N° 1120 | du 3 octobre 2013

Faits de société

Le 3 octobre 2013

L’étranger, le tribunal et le tarmac

Joël Plantet

Ouverture annoncée de salles d’audience à deux pas des pistes, à l’abri des regards, au milieu de nulle part, mais à côté des avions d’expulsion… Les associations et les professionnels concernés rappellent que le lieu où la justice est rendue n’est jamais anodin.

Dans les associations comme du côté des avocats et des magistrats, une puissante vague d’indignation a été soulevée par l’ouverture annoncée de deux salles d’audience délocalisées pour les étrangers sans papiers, construites à deux pas des pistes de l’aéroport de Roissy. Lien Social les a visitées lors de l’affrètement d’un car militant, avec journalistes et parlementaires, fin septembre : la première, au centre de rétention administrative (CRA) du Mesnil-Amelot (240 places), en plein champ, située à 400 mètres du tarmac, devait ouvrir à la fin septembre, avec en prévision entre 3 000 et 4 000 audiences annuelles ; la seconde, jouxtant la zone d’attente pour personnes en instance (ZAPI, où sont « maintenus » les étrangers en situation irrégulière), doit ouvrir en décembre.

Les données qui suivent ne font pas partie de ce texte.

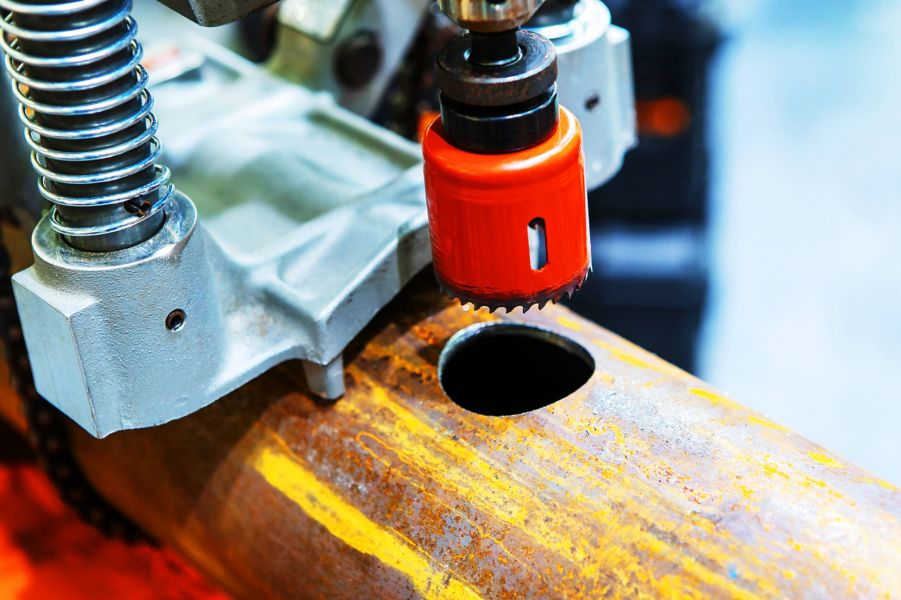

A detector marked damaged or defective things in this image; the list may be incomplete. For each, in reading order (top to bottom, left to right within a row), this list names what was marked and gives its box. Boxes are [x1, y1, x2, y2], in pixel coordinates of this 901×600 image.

rusty metal pipe [0, 276, 896, 596]
rust on pipe surface [1, 274, 900, 596]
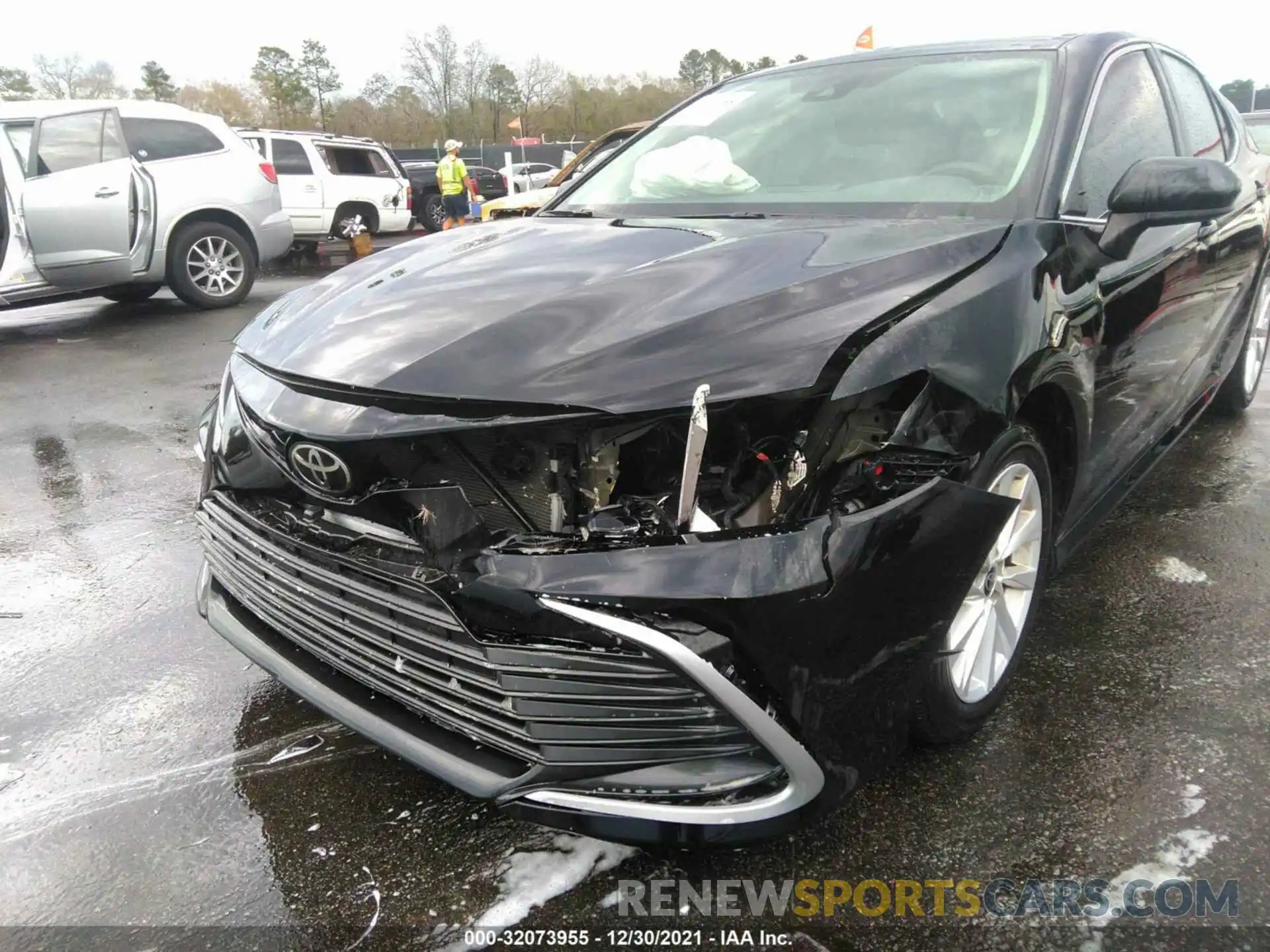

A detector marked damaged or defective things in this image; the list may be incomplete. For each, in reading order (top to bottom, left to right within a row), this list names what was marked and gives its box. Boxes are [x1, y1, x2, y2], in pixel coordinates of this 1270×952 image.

Décidée sous l’ancienne majorité, cette étape supplémentaire dans une politique de plus en plus restrictive, voire expéditive, percute de plein fouet les fondamentaux du système judiciaire : quid de la publicité des débats ou de l’indépendance des juges ? Que penser de cette politique du chiffre mise en application, de cette démarche d’industrialisation des reconduites à la frontière ? Politique du chiffre : en 2011, plus de 29 000 étrangers ont été retenus dans un CRA. La même année, la police aux frontières (PAF) a refusé l’entrée sur le territoire à presque 12 000 personnes. Et plus de 8 500 étrangers sont passés par une ZAPI (80 % par celle de Roissy).

Le magistrat pourra-t-il siéger sereinement dans cette enceinte éloignée de tout, introuvable pour les proches, quasiment inaccessible en transports en commun, avec barbelés, entre CRS et police aux frontières (PAF) omniprésents ? Comment les familles viendront-elles apporter un document manquant essentiel au dossier ? Comment les avocats concernés, rémunérés seulement par l’aide juridictionnelle (d’ailleurs en baisse), s’y rendront-ils ? Et les mineurs désormais libérés à Roissy, éloignés des juges pour enfants ?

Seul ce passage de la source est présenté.